Microsoft CloudでのPythonコードの実行は、Microsoft 365に準拠したエンタープライズレベルのセキュリティで保護されており、安全性が確保されています。
「Python in Excel」での外部データの取り込み
Excelで一般的に外部データを取り込むには、「Power Query」を使用します。「Python in Excel」の場合も、「Power Query」を用いてデータの整形や取り込みを行い、Pythonで分析することができます。
使用するには、リボンの「データ」タブから「データの取得」を選択し、「他のソースから」「OData フィードから」を順に選択します。表示される「Power Query プレビュー」では、「データの変換」などの読み込みオプションを指定することもできます。
【参考】:Excel での Python でのPower Queryデータの使用 【参考】:Excel の Power Query について
「Python in Excel」でPythonを用いたプロットとグラフの作成
「Python in Excel」でPythonを用いたプロットとグラフの作成では、Anacondaで導入可能なPythonライブラリが利用できます。コアセットはあらかじめインポートされているため、そのまま利用することができます。
例えばグラフ作成・可視化ライブラリのseabornやmatplotlibを用いて、折れ線グラフ、ヒストグラム、散布図、あるいは立体グラフなどが作成可能です。
【参考】:Excel プロットとグラフでの Python の作成 【参考】:seaborn 【参考】:matplotlib
「Python in Excel」でDataFrameを使用する
「Python in Excel」では、pandasのオブジェクトであるDataFrameも利用可能です。DataFrame内のデータは、Pythonのオブジェクトとしてではなく Excelの値として出力することもできます。
数式バーの「Python Output」Python出力メニューで「Python Object」あるいは「Excel Value」いずれかを指定します。
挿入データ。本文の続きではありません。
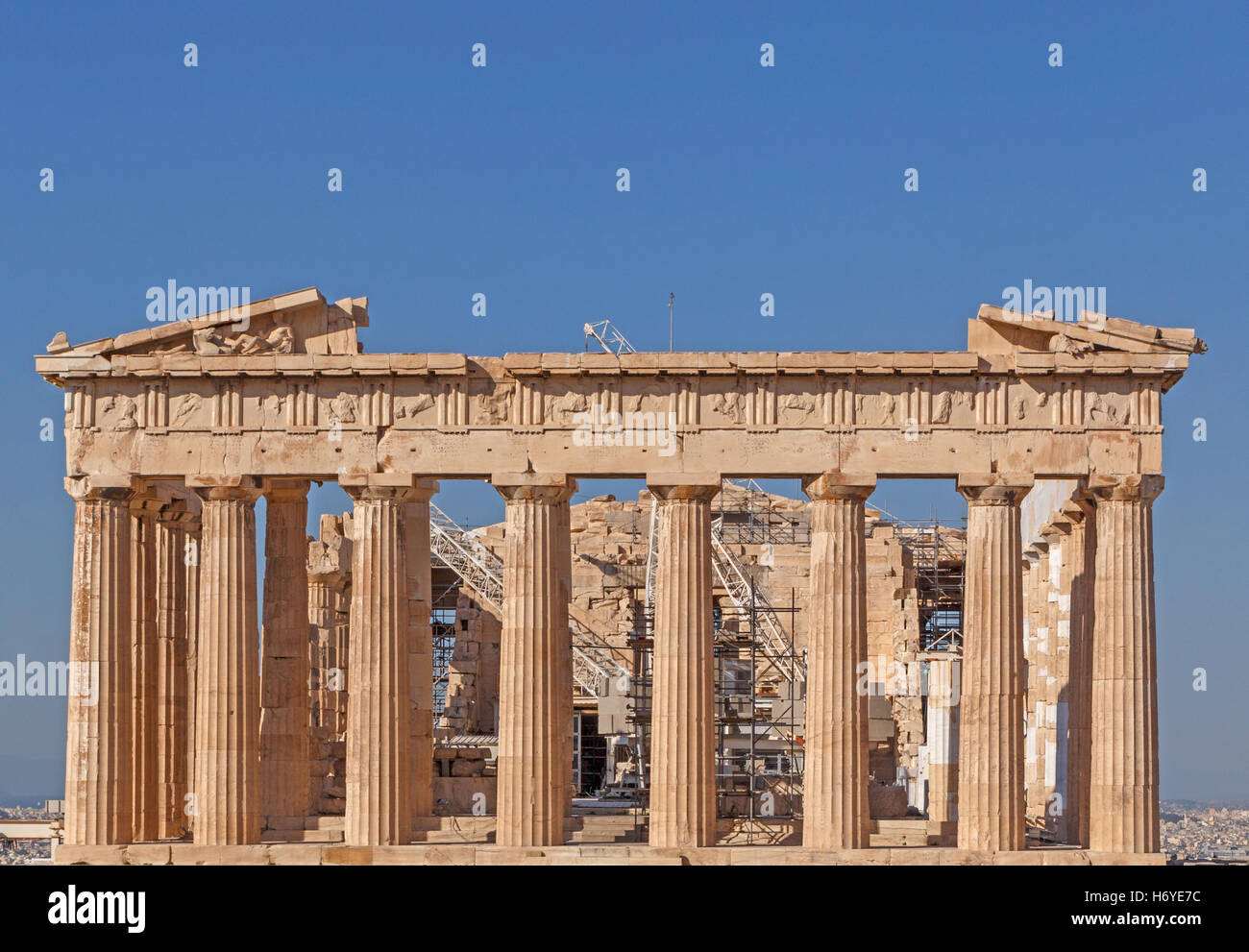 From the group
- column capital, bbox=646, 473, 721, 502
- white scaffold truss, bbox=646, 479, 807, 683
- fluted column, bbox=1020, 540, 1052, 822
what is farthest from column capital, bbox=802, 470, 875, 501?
white scaffold truss, bbox=646, 479, 807, 683

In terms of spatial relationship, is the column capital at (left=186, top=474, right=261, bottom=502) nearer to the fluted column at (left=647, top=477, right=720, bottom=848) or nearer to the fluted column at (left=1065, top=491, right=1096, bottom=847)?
the fluted column at (left=647, top=477, right=720, bottom=848)

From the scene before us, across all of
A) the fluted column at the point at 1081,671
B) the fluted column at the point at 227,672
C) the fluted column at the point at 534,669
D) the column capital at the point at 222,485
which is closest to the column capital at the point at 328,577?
the fluted column at the point at 227,672

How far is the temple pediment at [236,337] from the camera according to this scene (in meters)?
50.5

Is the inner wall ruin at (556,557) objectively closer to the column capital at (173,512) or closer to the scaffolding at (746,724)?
the column capital at (173,512)

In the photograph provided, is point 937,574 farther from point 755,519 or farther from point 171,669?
point 171,669

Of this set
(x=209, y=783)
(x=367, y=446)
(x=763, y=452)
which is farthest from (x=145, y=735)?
(x=763, y=452)

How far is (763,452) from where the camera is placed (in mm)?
49094

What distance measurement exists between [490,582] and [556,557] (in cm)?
2464

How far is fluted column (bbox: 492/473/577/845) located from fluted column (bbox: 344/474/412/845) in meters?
2.37

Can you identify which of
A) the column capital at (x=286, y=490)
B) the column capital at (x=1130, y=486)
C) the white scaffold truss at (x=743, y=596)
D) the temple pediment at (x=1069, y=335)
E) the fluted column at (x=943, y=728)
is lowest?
the fluted column at (x=943, y=728)

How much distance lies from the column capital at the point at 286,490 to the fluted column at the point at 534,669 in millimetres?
5596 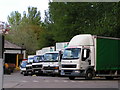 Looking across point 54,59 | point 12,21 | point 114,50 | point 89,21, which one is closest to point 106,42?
point 114,50

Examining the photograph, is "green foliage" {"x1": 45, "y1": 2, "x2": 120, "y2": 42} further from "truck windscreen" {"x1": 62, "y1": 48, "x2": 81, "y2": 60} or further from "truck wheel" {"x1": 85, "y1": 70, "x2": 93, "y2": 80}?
"truck wheel" {"x1": 85, "y1": 70, "x2": 93, "y2": 80}

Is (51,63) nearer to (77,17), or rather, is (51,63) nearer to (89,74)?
(89,74)

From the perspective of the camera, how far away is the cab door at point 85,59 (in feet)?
89.5

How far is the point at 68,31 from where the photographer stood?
49.5m

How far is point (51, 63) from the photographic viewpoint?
118 feet

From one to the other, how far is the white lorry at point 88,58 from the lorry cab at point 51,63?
7.07 meters

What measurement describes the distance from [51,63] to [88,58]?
8816mm

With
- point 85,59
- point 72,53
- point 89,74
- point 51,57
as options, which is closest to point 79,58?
point 85,59

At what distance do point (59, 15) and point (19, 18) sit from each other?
197 feet

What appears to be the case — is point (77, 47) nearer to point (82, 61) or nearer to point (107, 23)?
point (82, 61)

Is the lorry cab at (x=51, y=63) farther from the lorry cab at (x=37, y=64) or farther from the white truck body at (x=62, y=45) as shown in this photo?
the lorry cab at (x=37, y=64)

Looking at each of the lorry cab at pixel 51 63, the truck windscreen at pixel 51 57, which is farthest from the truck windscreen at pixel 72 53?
the truck windscreen at pixel 51 57

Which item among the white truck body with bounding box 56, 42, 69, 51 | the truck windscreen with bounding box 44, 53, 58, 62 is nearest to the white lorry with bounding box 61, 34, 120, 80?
the truck windscreen with bounding box 44, 53, 58, 62

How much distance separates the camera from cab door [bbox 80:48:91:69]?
27.3 m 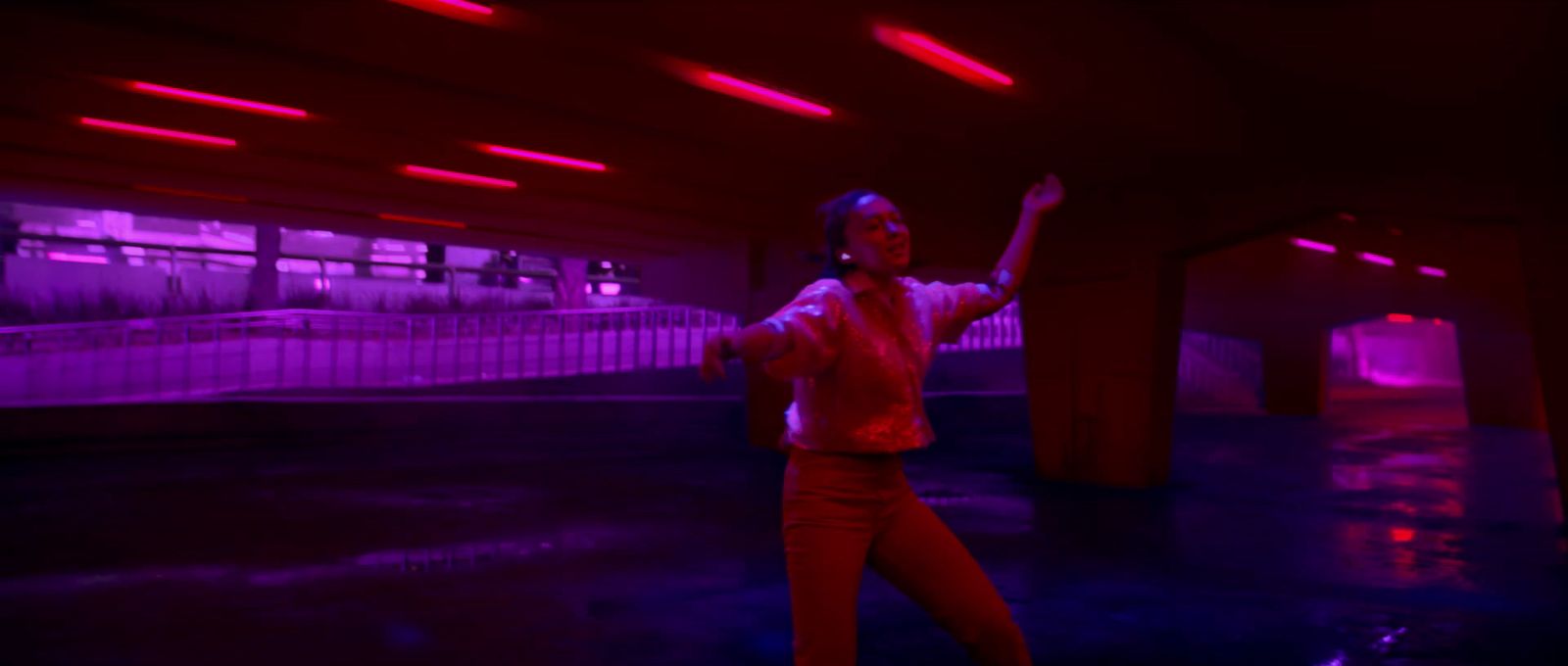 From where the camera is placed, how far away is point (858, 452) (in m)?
3.01

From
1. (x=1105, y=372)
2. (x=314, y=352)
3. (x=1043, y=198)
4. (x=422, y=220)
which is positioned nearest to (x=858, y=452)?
(x=1043, y=198)

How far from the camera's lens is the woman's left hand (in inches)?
146

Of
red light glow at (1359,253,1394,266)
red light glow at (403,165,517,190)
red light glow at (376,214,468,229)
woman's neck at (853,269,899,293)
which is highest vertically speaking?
red light glow at (1359,253,1394,266)

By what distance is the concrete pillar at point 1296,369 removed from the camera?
101 ft

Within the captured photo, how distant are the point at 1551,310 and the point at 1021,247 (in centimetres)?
771

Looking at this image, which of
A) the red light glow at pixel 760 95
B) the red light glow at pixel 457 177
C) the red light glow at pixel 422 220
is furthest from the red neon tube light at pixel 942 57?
the red light glow at pixel 422 220

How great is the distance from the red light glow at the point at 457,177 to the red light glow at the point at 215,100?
2.64 meters

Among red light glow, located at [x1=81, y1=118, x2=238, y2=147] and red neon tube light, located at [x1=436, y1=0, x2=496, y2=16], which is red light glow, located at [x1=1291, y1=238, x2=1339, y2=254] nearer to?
red neon tube light, located at [x1=436, y1=0, x2=496, y2=16]

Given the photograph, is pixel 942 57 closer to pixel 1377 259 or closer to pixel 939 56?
pixel 939 56

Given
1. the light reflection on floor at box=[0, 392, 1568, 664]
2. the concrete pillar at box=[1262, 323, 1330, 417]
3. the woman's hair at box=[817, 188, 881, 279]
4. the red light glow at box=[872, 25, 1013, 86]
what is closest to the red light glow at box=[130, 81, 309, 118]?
the light reflection on floor at box=[0, 392, 1568, 664]

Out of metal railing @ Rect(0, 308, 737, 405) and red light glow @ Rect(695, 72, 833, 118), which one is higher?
red light glow @ Rect(695, 72, 833, 118)

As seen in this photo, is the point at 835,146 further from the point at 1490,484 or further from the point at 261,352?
the point at 261,352

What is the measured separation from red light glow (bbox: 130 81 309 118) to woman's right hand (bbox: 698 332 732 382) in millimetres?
7762

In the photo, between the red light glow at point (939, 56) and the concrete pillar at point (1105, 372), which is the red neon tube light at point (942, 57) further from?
the concrete pillar at point (1105, 372) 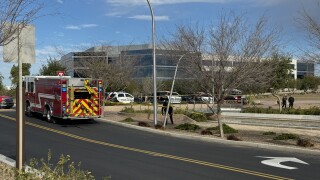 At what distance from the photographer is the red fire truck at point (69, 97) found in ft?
74.1

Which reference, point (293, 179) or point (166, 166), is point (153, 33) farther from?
point (293, 179)

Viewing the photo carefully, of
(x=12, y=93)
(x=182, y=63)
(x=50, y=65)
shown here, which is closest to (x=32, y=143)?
(x=182, y=63)

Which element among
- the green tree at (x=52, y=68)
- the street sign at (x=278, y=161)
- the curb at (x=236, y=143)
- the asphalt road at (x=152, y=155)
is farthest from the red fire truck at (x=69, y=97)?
the green tree at (x=52, y=68)

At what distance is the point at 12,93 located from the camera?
181 ft

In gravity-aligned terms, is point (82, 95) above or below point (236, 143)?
above

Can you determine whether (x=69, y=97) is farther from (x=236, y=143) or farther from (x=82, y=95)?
(x=236, y=143)

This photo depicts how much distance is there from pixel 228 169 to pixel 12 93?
49.4m

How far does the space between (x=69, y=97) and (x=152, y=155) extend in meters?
10.9

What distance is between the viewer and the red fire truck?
74.1 ft

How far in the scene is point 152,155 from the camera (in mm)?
13023

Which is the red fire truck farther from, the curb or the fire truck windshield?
the curb

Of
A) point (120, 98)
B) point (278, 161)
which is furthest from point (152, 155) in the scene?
point (120, 98)

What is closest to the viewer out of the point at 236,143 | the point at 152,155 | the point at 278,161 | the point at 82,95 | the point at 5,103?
the point at 278,161

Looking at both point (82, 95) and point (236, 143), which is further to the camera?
point (82, 95) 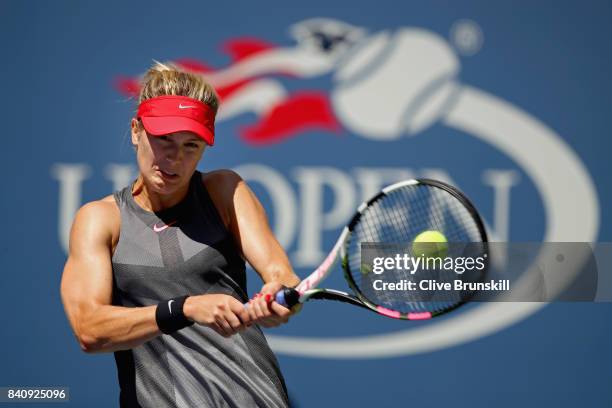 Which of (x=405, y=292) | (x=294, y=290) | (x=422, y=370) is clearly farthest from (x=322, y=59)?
(x=294, y=290)

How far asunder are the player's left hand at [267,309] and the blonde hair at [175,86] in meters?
0.50

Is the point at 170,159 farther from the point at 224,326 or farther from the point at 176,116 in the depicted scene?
the point at 224,326

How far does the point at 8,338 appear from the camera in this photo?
3625mm

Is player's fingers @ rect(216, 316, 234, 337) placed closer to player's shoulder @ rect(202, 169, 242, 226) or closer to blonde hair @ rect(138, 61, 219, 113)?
player's shoulder @ rect(202, 169, 242, 226)

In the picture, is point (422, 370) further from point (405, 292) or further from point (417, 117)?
point (405, 292)

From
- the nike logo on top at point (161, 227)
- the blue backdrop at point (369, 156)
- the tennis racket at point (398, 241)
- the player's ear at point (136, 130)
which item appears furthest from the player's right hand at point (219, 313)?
the blue backdrop at point (369, 156)

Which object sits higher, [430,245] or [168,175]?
[168,175]

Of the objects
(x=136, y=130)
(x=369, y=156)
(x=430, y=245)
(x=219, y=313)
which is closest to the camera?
(x=219, y=313)

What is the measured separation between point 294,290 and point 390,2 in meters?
2.10

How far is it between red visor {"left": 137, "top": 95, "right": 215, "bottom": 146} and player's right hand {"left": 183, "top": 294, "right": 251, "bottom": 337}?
41 cm

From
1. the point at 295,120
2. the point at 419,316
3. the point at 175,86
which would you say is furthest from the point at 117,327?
the point at 295,120

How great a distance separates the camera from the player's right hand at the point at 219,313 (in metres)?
1.80

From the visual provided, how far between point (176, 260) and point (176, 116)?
350 millimetres

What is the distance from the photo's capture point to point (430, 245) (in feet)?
7.85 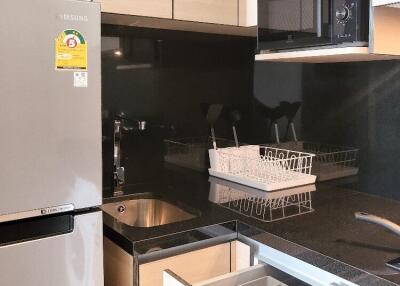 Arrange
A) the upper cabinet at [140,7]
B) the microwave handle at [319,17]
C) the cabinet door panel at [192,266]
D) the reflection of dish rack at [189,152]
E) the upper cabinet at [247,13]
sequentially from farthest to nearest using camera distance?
the reflection of dish rack at [189,152] < the upper cabinet at [247,13] < the upper cabinet at [140,7] < the microwave handle at [319,17] < the cabinet door panel at [192,266]

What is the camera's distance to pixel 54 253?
3.76 ft

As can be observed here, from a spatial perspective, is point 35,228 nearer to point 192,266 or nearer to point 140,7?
point 192,266

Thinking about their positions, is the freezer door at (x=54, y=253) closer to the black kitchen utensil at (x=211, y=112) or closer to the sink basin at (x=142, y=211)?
the sink basin at (x=142, y=211)

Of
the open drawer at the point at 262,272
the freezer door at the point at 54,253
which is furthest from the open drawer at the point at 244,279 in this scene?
the freezer door at the point at 54,253

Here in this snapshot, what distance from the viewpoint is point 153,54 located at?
192 cm

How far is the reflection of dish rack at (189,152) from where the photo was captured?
2.01m

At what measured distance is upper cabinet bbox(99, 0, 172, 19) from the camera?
1461 millimetres

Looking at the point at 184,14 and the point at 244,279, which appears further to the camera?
the point at 184,14

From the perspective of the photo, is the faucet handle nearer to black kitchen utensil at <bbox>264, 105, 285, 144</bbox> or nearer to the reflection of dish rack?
the reflection of dish rack

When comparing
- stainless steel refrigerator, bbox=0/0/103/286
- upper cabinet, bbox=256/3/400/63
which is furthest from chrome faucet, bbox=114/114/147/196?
upper cabinet, bbox=256/3/400/63

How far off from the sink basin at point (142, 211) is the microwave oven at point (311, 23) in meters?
0.73

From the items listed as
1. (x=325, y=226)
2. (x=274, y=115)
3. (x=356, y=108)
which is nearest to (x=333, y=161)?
(x=356, y=108)

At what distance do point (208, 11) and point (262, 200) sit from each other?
763 mm

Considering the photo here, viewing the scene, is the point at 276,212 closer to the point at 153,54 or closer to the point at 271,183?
the point at 271,183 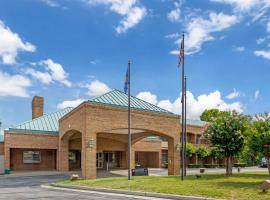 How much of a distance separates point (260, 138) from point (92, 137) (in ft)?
41.8

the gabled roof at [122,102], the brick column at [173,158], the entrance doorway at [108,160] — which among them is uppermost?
the gabled roof at [122,102]

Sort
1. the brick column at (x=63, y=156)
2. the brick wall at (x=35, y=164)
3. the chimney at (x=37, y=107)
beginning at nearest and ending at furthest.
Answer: the brick column at (x=63, y=156) → the brick wall at (x=35, y=164) → the chimney at (x=37, y=107)

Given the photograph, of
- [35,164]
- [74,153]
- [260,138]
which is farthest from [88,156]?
[74,153]

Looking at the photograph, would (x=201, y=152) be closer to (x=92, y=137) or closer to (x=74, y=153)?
(x=74, y=153)

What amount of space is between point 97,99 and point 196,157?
33848mm

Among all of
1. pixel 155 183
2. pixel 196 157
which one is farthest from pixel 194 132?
pixel 155 183

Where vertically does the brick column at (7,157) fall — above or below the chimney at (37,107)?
below

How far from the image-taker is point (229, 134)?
26.4m

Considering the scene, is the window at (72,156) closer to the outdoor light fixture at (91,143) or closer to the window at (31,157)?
the window at (31,157)

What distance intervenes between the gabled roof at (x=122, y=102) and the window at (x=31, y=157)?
12799mm

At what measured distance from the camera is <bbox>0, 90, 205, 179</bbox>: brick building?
1155 inches

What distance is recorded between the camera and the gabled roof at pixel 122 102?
102 ft

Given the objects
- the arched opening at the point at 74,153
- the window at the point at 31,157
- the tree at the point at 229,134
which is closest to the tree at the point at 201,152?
the arched opening at the point at 74,153

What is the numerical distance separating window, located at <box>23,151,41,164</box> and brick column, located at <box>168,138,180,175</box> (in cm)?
1544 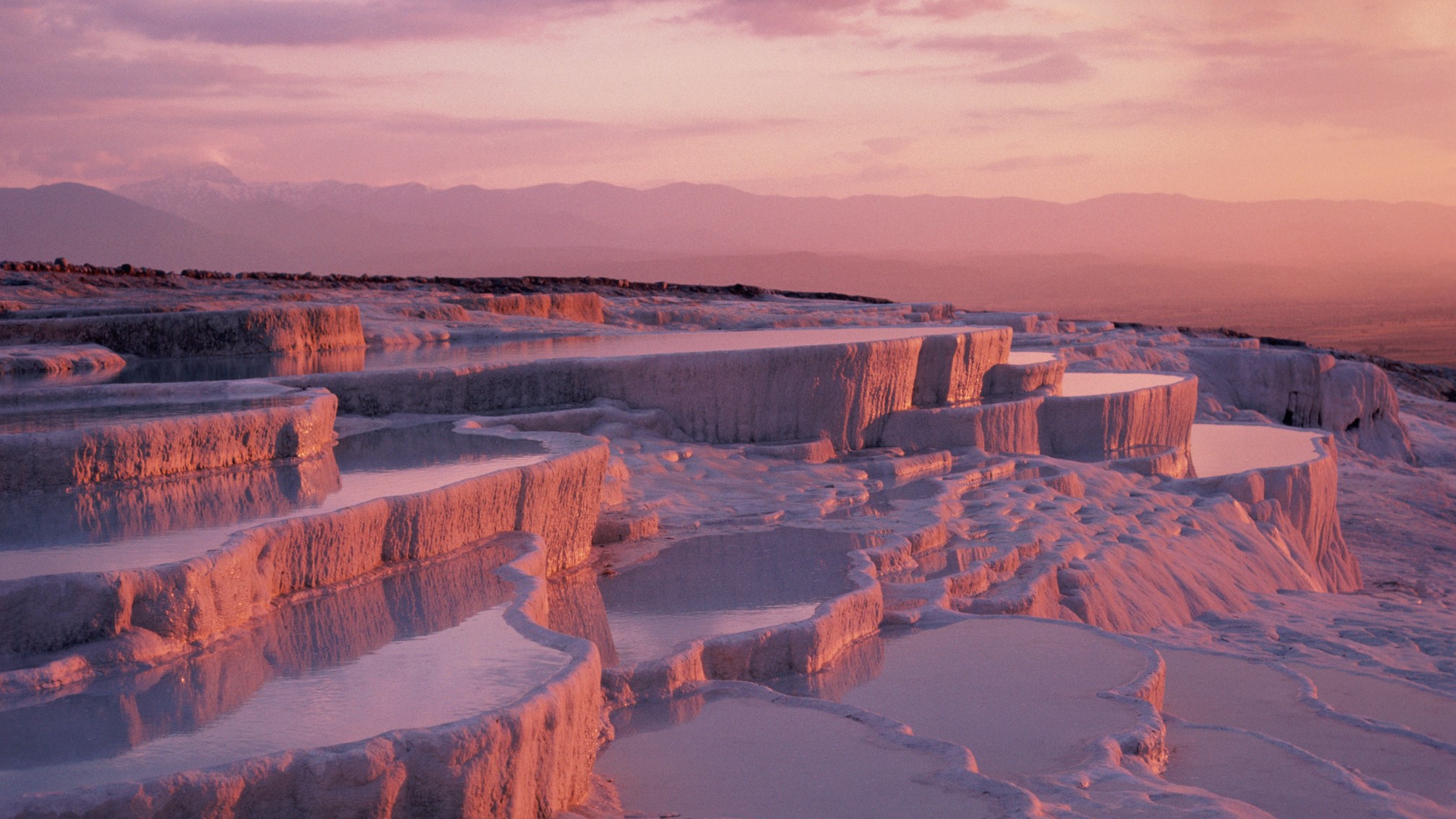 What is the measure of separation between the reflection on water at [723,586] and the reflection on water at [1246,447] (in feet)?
16.2

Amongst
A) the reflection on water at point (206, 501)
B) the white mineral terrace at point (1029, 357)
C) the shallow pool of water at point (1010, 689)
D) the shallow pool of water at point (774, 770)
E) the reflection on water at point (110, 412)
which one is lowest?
the shallow pool of water at point (1010, 689)

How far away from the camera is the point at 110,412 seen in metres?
5.30

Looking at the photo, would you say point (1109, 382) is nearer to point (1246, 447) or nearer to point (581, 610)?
point (1246, 447)

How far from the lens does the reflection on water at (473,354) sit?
7.47 m

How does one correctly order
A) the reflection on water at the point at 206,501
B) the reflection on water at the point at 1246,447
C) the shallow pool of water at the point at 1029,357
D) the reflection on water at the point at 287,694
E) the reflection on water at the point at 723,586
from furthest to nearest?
the shallow pool of water at the point at 1029,357
the reflection on water at the point at 1246,447
the reflection on water at the point at 723,586
the reflection on water at the point at 206,501
the reflection on water at the point at 287,694

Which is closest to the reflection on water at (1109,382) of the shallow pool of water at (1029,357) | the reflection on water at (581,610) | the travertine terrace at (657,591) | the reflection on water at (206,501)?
the shallow pool of water at (1029,357)

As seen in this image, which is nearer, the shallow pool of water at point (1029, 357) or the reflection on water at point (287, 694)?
the reflection on water at point (287, 694)

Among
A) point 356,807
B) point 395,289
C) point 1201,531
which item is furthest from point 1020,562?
point 395,289

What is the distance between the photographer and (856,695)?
13.3 ft

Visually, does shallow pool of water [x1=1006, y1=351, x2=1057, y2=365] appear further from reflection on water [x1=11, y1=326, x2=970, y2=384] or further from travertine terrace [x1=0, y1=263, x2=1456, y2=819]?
reflection on water [x1=11, y1=326, x2=970, y2=384]

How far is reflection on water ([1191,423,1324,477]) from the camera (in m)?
10.0

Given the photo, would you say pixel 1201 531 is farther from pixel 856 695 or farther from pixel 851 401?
pixel 856 695

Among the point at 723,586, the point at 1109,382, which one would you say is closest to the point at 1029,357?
the point at 1109,382

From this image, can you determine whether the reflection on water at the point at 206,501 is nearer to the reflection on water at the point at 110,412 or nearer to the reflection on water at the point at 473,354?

【参考】:Excel DataFrames の Python 【参考】:pandas
「Python in Excel」はExcelのデータ分析機能を高めます
「Python in Excel」は、Pythonの高機能なデータ分析を、いつものExcelから実現することができます。Excelの良さを活かしながらも、シームレスにPythonを使用することが可能です。
Excelを使った自動化では、マクロやVBAには触れたことがあっても、「Pythonはできることが多くてもちょっと」という方も多いはずです。そのようなPython未経験の方も、Excelから簡単にPythonのコードを実行したりグラフ化したりすることができますので、多くの利用者から賛同が得られることでしょう。